Nearly 40% of daily crude oil production was lost from offshore U.S. Gulf of Mexico (GoM) wells on Oct. 9 due to platform evacuations and shut-ins ahead of Hurricane Michael.
Since Oct. 8, oil producers, including Anadarko Petroleum Corp., BHP Billiton, BP and Chevron Corp., have evacuated personnel from 75 platforms as the storm made its way through the central GoM on the way to landfall on Wednesday on the Florida Panhandle.
Companies turned off daily production of about 670,800 barrels of oil and 726 million cubic feet of natural gas by midday Oct. 9, according to offshore regulator the Bureau of Safety and Environmental Enforcement (BSEE).
The evacuations affected about 11% of the occupied platforms in the GoM, it said.

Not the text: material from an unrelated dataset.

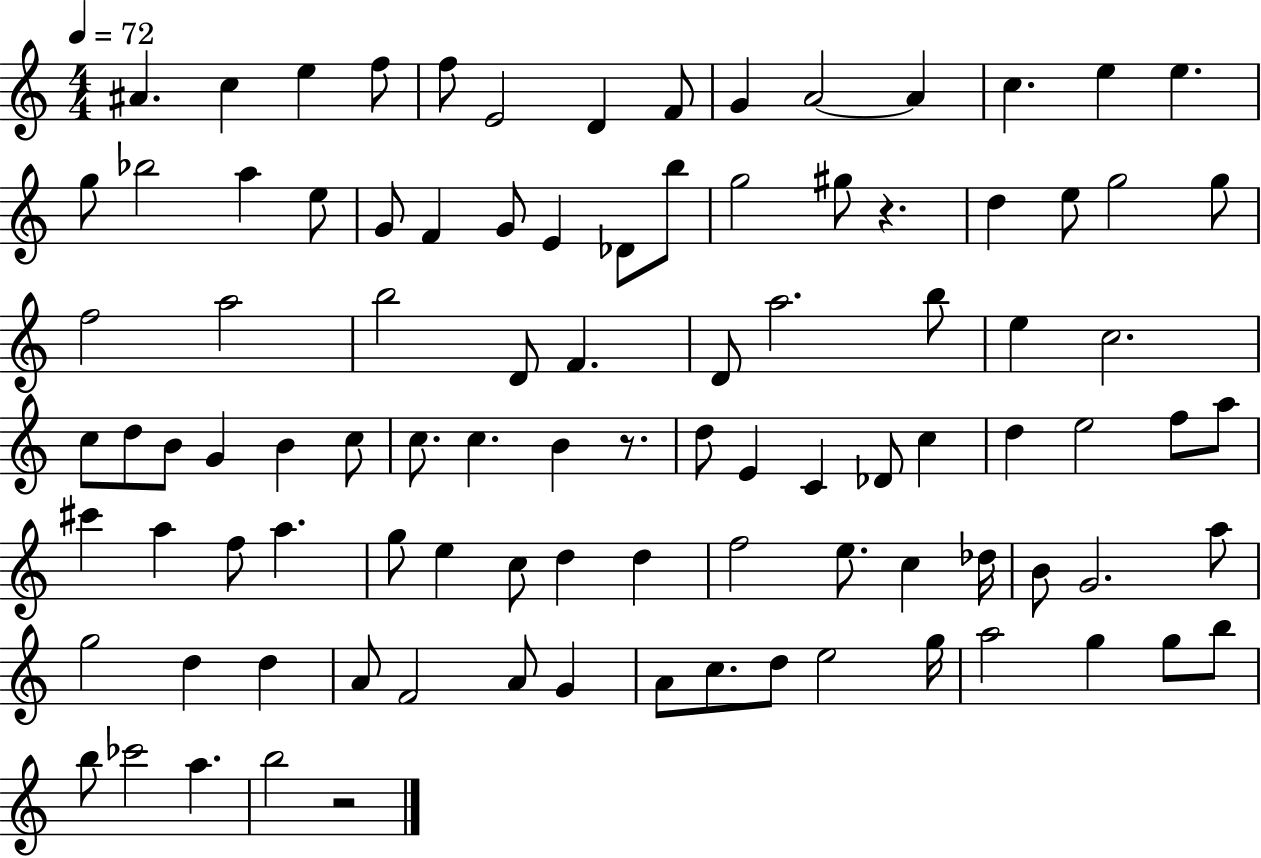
A#4/q. C5/q E5/q F5/e F5/e E4/h D4/q F4/e G4/q A4/h A4/q C5/q. E5/q E5/q. G5/e Bb5/h A5/q E5/e G4/e F4/q G4/e E4/q Db4/e B5/e G5/h G#5/e R/q. D5/q E5/e G5/h G5/e F5/h A5/h B5/h D4/e F4/q. D4/e A5/h. B5/e E5/q C5/h. C5/e D5/e B4/e G4/q B4/q C5/e C5/e. C5/q. B4/q R/e. D5/e E4/q C4/q Db4/e C5/q D5/q E5/h F5/e A5/e C#6/q A5/q F5/e A5/q. G5/e E5/q C5/e D5/q D5/q F5/h E5/e. C5/q Db5/s B4/e G4/h. A5/e G5/h D5/q D5/q A4/e F4/h A4/e G4/q A4/e C5/e. D5/e E5/h G5/s A5/h G5/q G5/e B5/e B5/e CES6/h A5/q. B5/h R/h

U.S. crude futures settled up less than 1% at $74.96 per barrel, reflecting the declining importance of the GoM in output because of the growth of production from the nation's onshore shale fields.
Crude output lost in the two days of storm shut-ins represents about 9% of the U.S. production of 11.1 million barrels per day, according to data from the Energy Information Administration.

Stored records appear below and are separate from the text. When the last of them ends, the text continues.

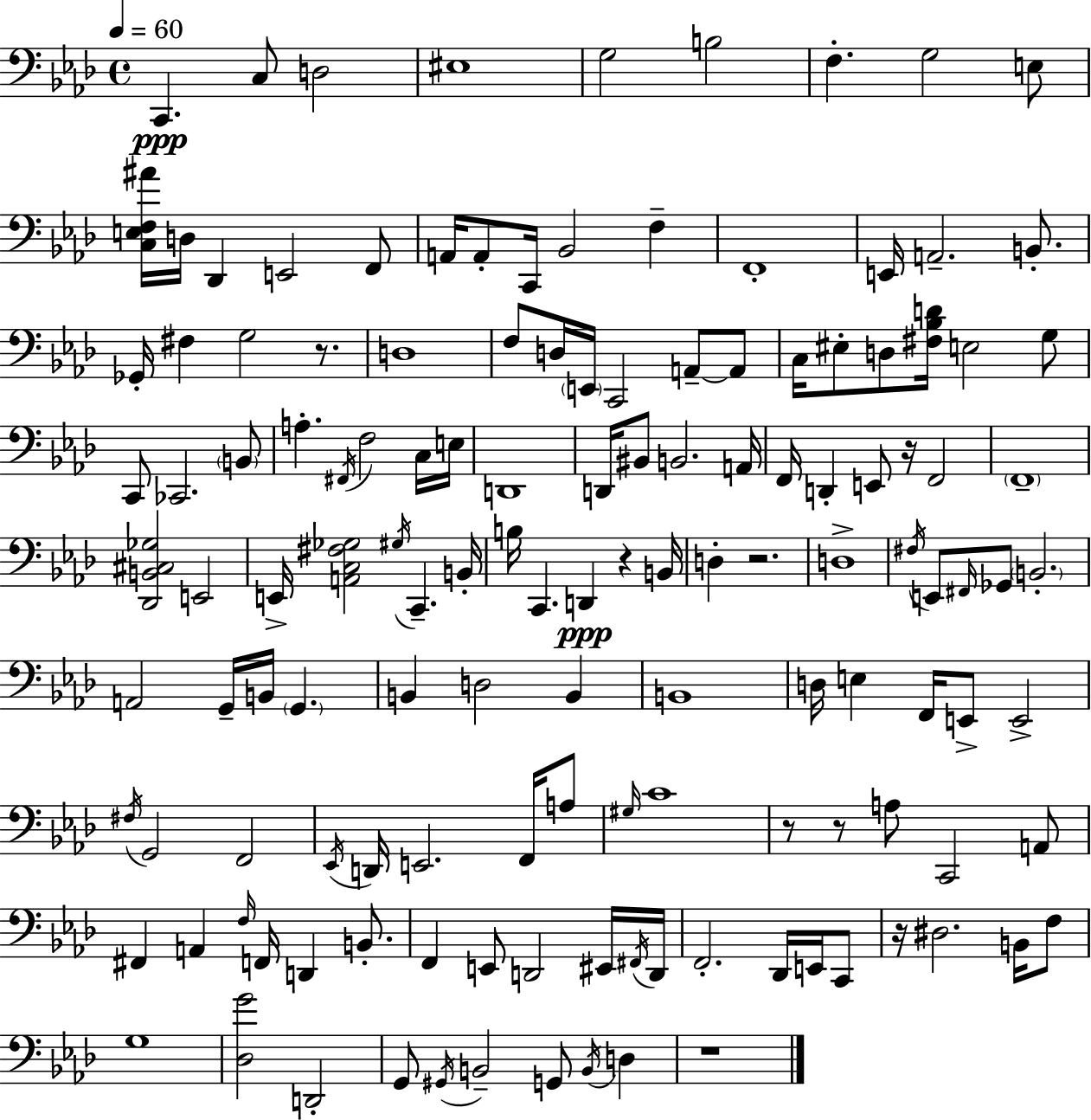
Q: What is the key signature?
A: AES major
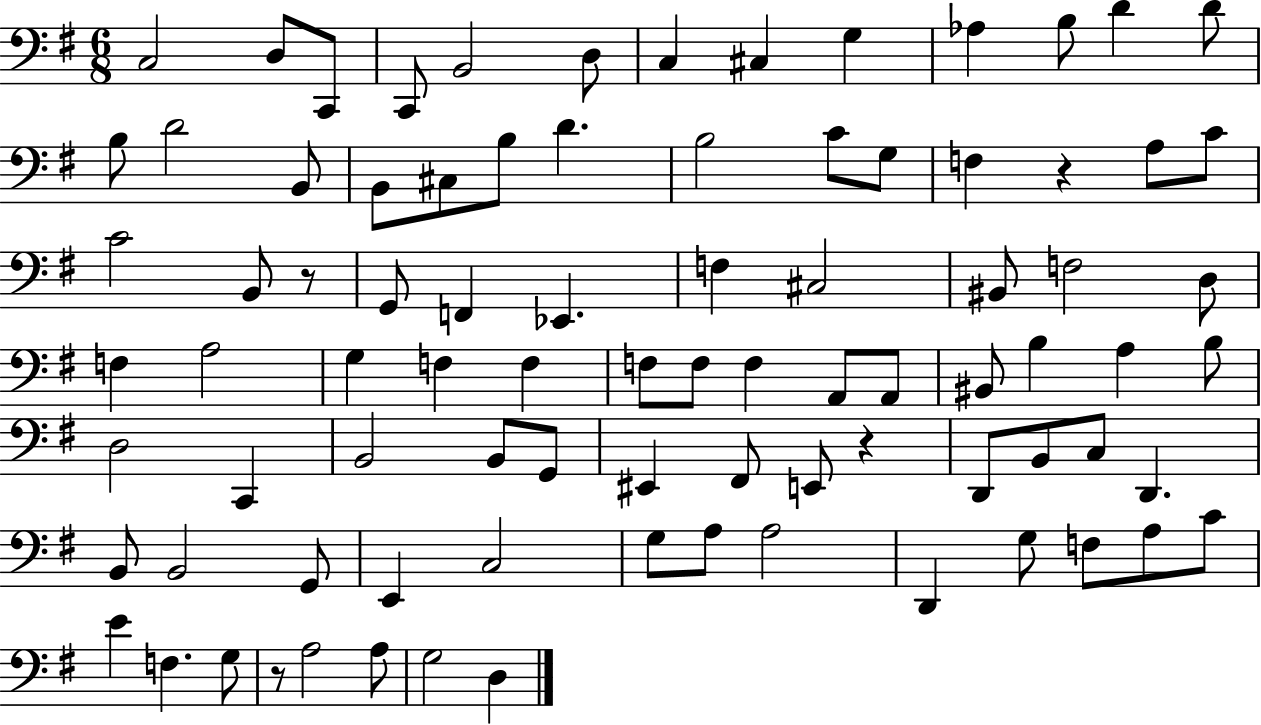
{
  \clef bass
  \numericTimeSignature
  \time 6/8
  \key g \major
  c2 d8 c,8 | c,8 b,2 d8 | c4 cis4 g4 | aes4 b8 d'4 d'8 | \break b8 d'2 b,8 | b,8 cis8 b8 d'4. | b2 c'8 g8 | f4 r4 a8 c'8 | \break c'2 b,8 r8 | g,8 f,4 ees,4. | f4 cis2 | bis,8 f2 d8 | \break f4 a2 | g4 f4 f4 | f8 f8 f4 a,8 a,8 | bis,8 b4 a4 b8 | \break d2 c,4 | b,2 b,8 g,8 | eis,4 fis,8 e,8 r4 | d,8 b,8 c8 d,4. | \break b,8 b,2 g,8 | e,4 c2 | g8 a8 a2 | d,4 g8 f8 a8 c'8 | \break e'4 f4. g8 | r8 a2 a8 | g2 d4 | \bar "|."
}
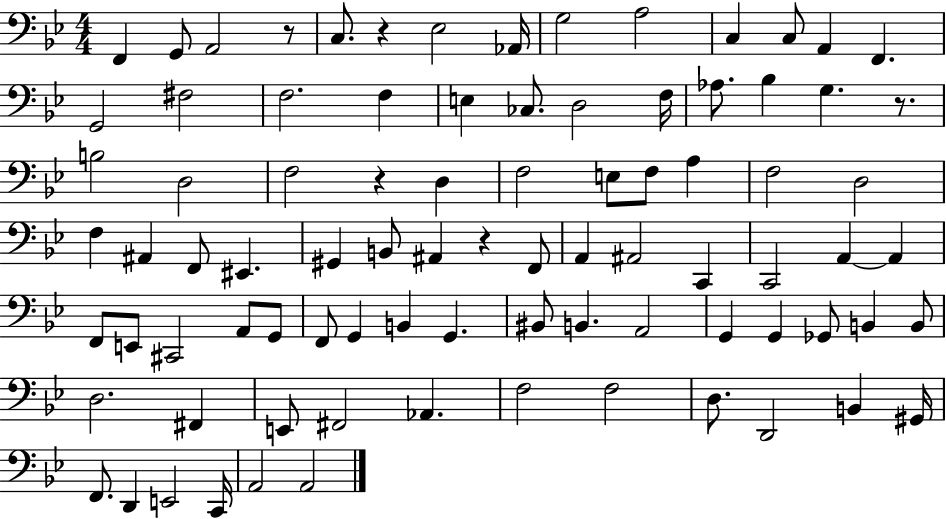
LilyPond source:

{
  \clef bass
  \numericTimeSignature
  \time 4/4
  \key bes \major
  f,4 g,8 a,2 r8 | c8. r4 ees2 aes,16 | g2 a2 | c4 c8 a,4 f,4. | \break g,2 fis2 | f2. f4 | e4 ces8. d2 f16 | aes8. bes4 g4. r8. | \break b2 d2 | f2 r4 d4 | f2 e8 f8 a4 | f2 d2 | \break f4 ais,4 f,8 eis,4. | gis,4 b,8 ais,4 r4 f,8 | a,4 ais,2 c,4 | c,2 a,4~~ a,4 | \break f,8 e,8 cis,2 a,8 g,8 | f,8 g,4 b,4 g,4. | bis,8 b,4. a,2 | g,4 g,4 ges,8 b,4 b,8 | \break d2. fis,4 | e,8 fis,2 aes,4. | f2 f2 | d8. d,2 b,4 gis,16 | \break f,8. d,4 e,2 c,16 | a,2 a,2 | \bar "|."
}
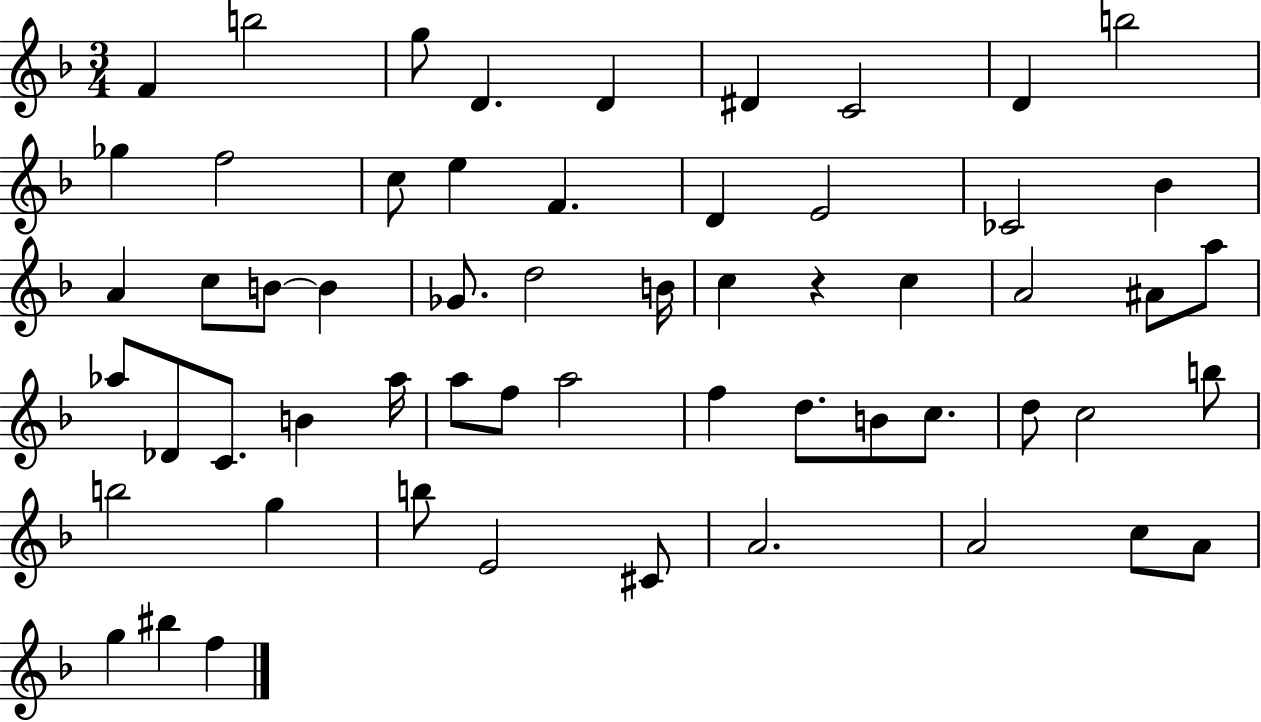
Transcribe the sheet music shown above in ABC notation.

X:1
T:Untitled
M:3/4
L:1/4
K:F
F b2 g/2 D D ^D C2 D b2 _g f2 c/2 e F D E2 _C2 _B A c/2 B/2 B _G/2 d2 B/4 c z c A2 ^A/2 a/2 _a/2 _D/2 C/2 B _a/4 a/2 f/2 a2 f d/2 B/2 c/2 d/2 c2 b/2 b2 g b/2 E2 ^C/2 A2 A2 c/2 A/2 g ^b f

In addition to shutting in wells, oil producers also halted most offshore drilling operations by evacuating three drilling rigs and moving eight others out of the storm area, BSEE said.
Coastal and onshore energy businesses also started preparations for what is expected to become a Category 3 storm packing winds of at least 111 miles per hour (178 km per hour).

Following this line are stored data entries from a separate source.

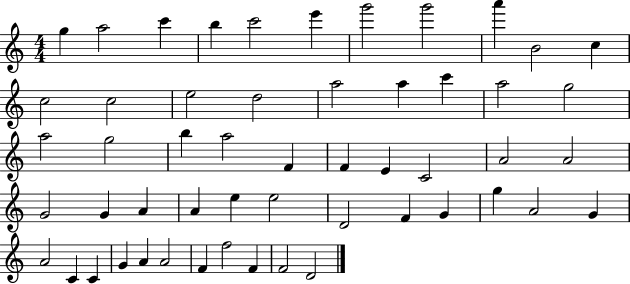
G5/q A5/h C6/q B5/q C6/h E6/q G6/h G6/h A6/q B4/h C5/q C5/h C5/h E5/h D5/h A5/h A5/q C6/q A5/h G5/h A5/h G5/h B5/q A5/h F4/q F4/q E4/q C4/h A4/h A4/h G4/h G4/q A4/q A4/q E5/q E5/h D4/h F4/q G4/q G5/q A4/h G4/q A4/h C4/q C4/q G4/q A4/q A4/h F4/q F5/h F4/q F4/h D4/h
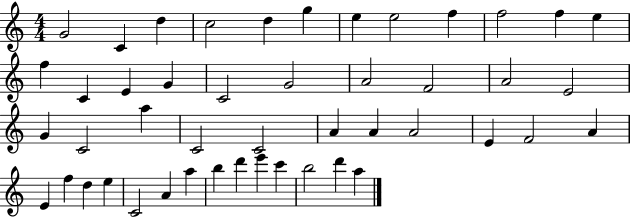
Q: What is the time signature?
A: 4/4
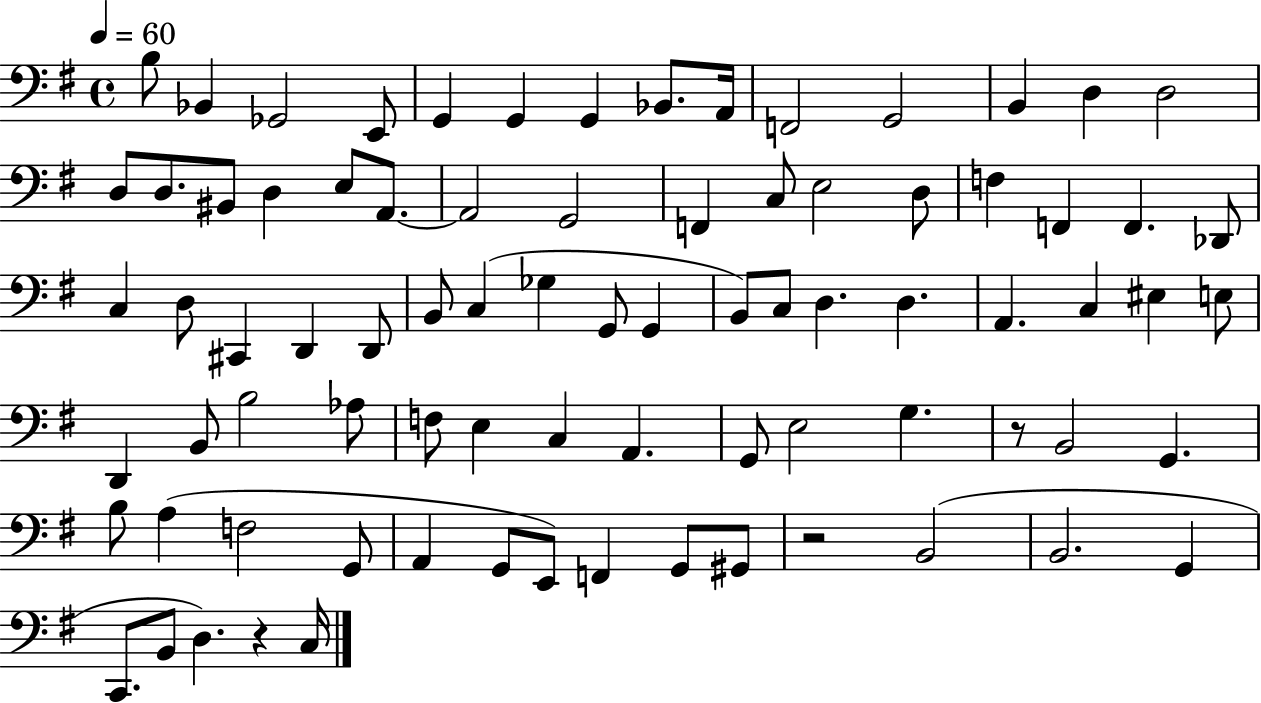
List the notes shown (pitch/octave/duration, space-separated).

B3/e Bb2/q Gb2/h E2/e G2/q G2/q G2/q Bb2/e. A2/s F2/h G2/h B2/q D3/q D3/h D3/e D3/e. BIS2/e D3/q E3/e A2/e. A2/h G2/h F2/q C3/e E3/h D3/e F3/q F2/q F2/q. Db2/e C3/q D3/e C#2/q D2/q D2/e B2/e C3/q Gb3/q G2/e G2/q B2/e C3/e D3/q. D3/q. A2/q. C3/q EIS3/q E3/e D2/q B2/e B3/h Ab3/e F3/e E3/q C3/q A2/q. G2/e E3/h G3/q. R/e B2/h G2/q. B3/e A3/q F3/h G2/e A2/q G2/e E2/e F2/q G2/e G#2/e R/h B2/h B2/h. G2/q C2/e. B2/e D3/q. R/q C3/s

Nuclear Regulatory Commission inspectors at Southern Co's Farley Plant near Dothan, Alabama, about 160 km (100 miles) from the coast, were observing final storm preparations at the 1,751 megawatt nuclear power station on Oct. 9, NRC spokesman Joey Ledford said in an email. One megawatt can power about 1,000 U.S. homes on average.
The U.S. Coast Guard on Oct. 9 closed the ports of Panama City and Pensacola, Florida and the Gulf Intracoastal Waterway east of Perdido Pass to vessel traffic, citing expectations for gale force winds within 12 hours.
Other ports further west were still operating normally. However, operations including rail car loadings will cease at 5 p.m. at the state of Alabama's Mobile port, spokeswoman Sheri Collins said. Pilots who bring vessels into the port's ship channel halted transport due to rough seas and will resume after the storm passes, she said.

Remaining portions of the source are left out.